TASK INSTRUCTIONS
Only the lines below from the one containing "Набор инструментов Gocomma" through the one containing "Imagem do produto" belong in the answer, repeated exactly and without pictures.
═══ DATA TO PROCESS ═══
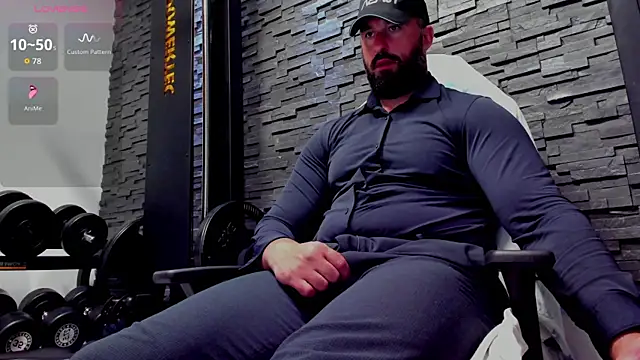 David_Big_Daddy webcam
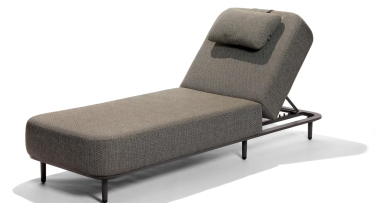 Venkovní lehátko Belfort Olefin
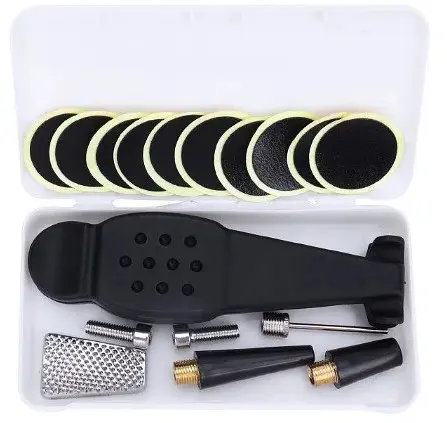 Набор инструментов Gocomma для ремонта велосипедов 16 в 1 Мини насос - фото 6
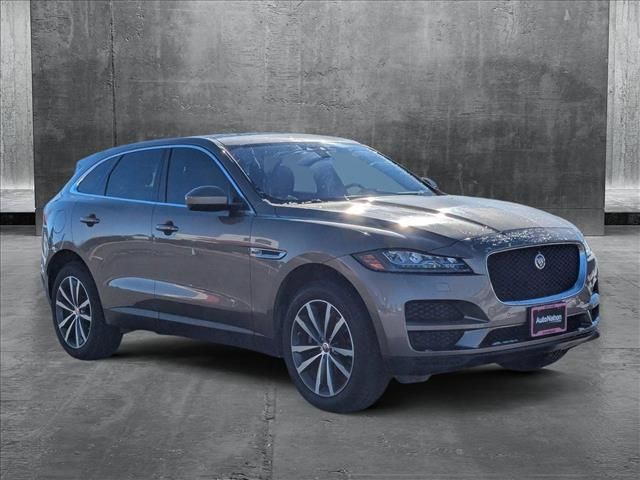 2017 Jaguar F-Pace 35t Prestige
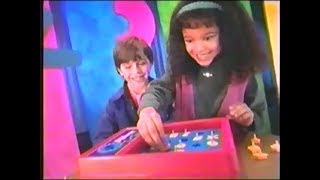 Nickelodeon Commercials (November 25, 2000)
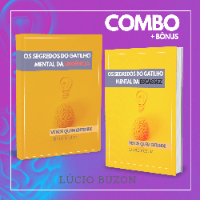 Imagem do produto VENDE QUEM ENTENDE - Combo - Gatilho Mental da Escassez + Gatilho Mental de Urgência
═══
═══ DATA TO PROCESS ═══
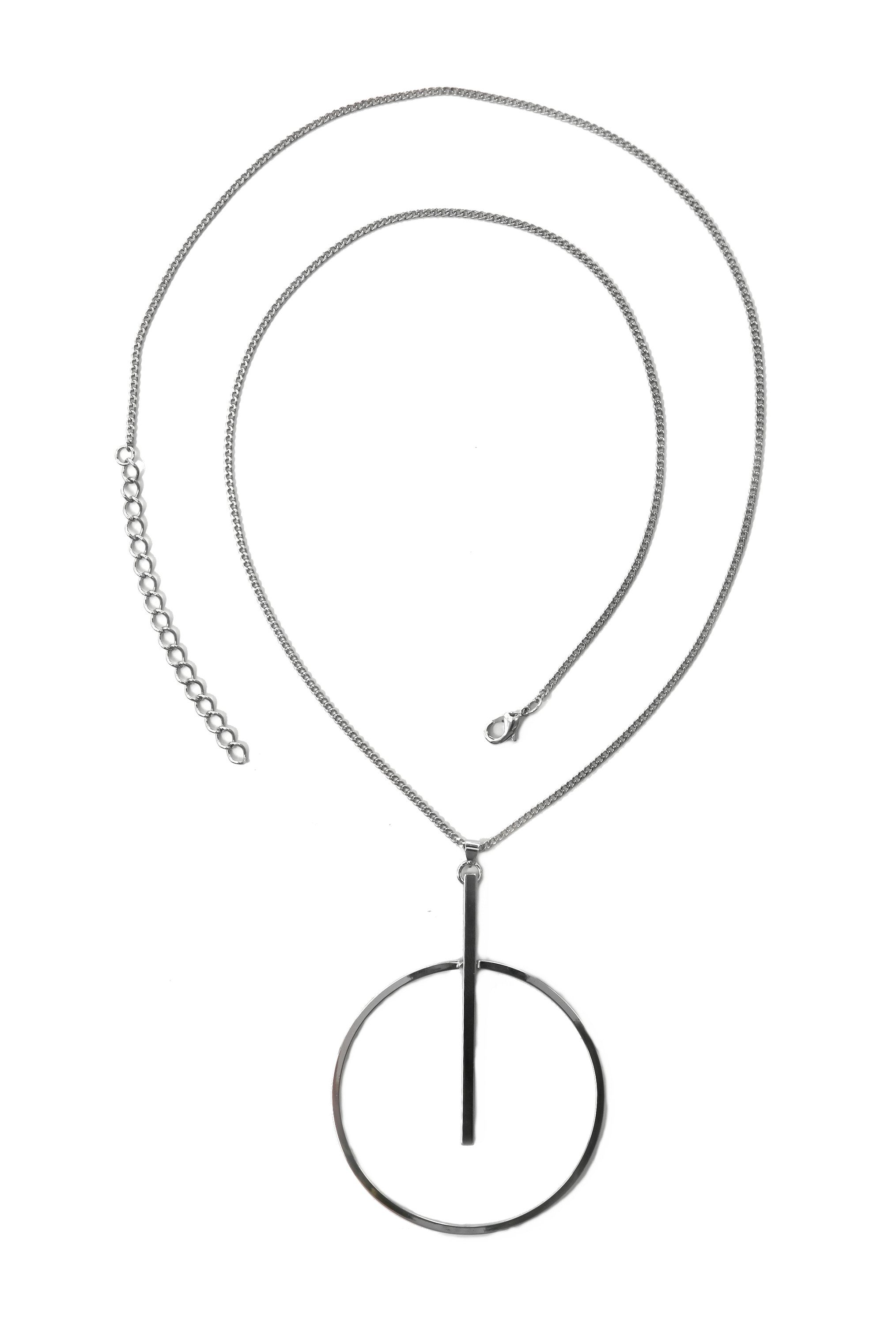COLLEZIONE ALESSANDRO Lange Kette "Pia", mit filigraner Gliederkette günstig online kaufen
═══
═══ DATA TO PROCESS ═══
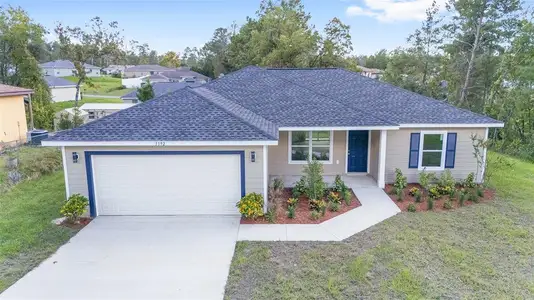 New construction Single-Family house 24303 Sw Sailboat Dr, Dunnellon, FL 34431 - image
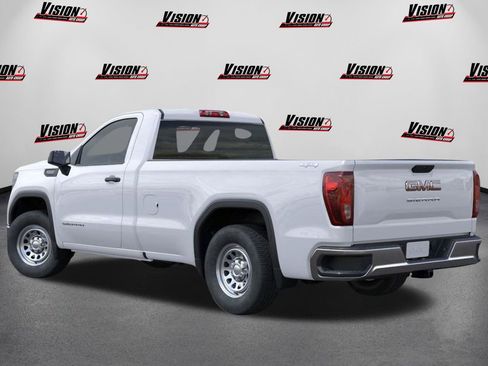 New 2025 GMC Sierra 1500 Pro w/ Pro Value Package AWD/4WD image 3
═══
RESULT OF THIS TASK
 Набор инструментов Gocomma для ремонта велосипедов 16 в 1 Мини насос - фото 6
 2017 Jaguar F-Pace 35t Prestige
 Nickelodeon Commercials (November 25, 2000)
 Imagem do produto VENDE QUEM ENTENDE - Combo - Gatilho Mental da Escassez + Gatilho Mental de Urgência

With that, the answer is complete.